En même temps, l’impérialisme, notamment étasunien, qui passe son temps à violer l’indépendance des peuples dominés, sait également se servir habilement, quand cela favorise ses manigances, des revendications nationales des peuples dominés pour diviser les États constitués dès lors que certains d’entre eux font obstacle à ses visées prédatrices. C’est bien évidemment pour démanteler l’Irak ou la Syrie, ou pour affaiblir l’Iran dans la perspective d’une guerre impérialiste contre lui, et certainement pas pour favoriser l’épanouissement des peuples et leur coopération fraternelle, que les États-Unis et leurs vassaux français ou européens ont soudain découvert les revendications indépendantistes des Kurdes d’Irak, que ce soit sous Saddam Hussein ou présentement, pour les laisser ensuite se faire tailler en pièces par Bagdad.
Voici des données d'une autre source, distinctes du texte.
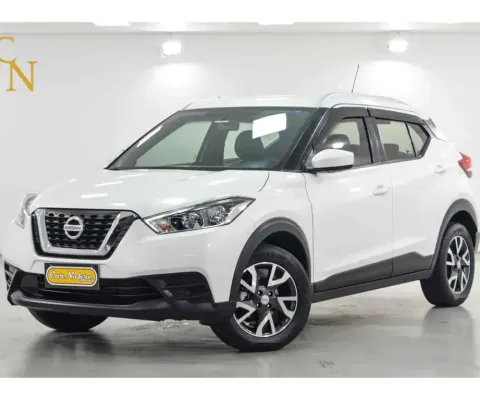 Nissan Kicks 2021 1.6 16v flexstart s 4p xtronic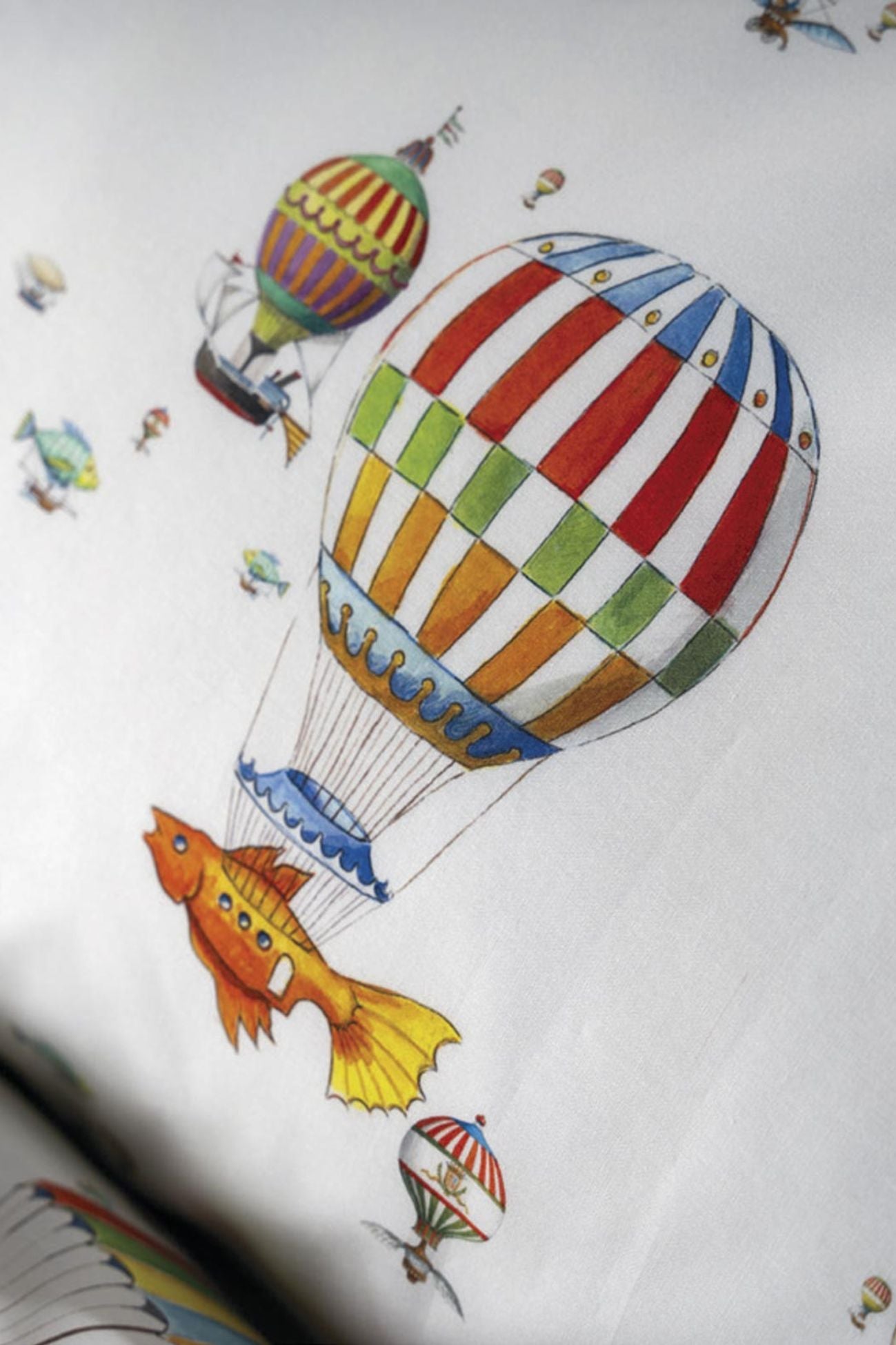 Flyby Completo Letto Principale Izylinens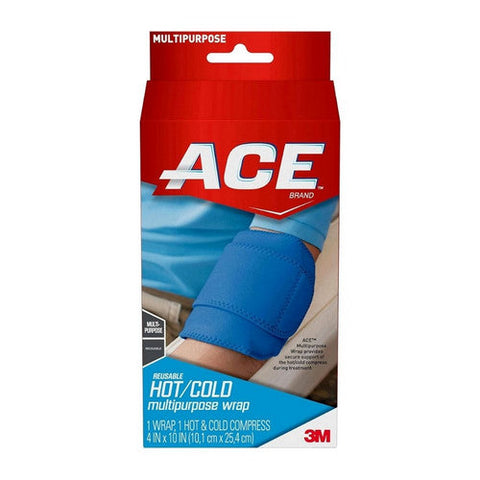 Ace, Hot And Cold Multipurpose Wrap, 1 Count Ace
De même que les puissances impérialistes ont constamment fermé les yeux sur les exactions d’Ankara contre le peuple kurde de Turquie, spécialement contre les militants du Parti des travailleurs du Kurdistan, mais aussi actuellement contre les Kurdes de Syrie, en considérant que l’État turc était une pièce essentielle de l’encerclement de l’URSS, puis de la Russie post-soviétique, par les troupes d’agression de l’OTAN.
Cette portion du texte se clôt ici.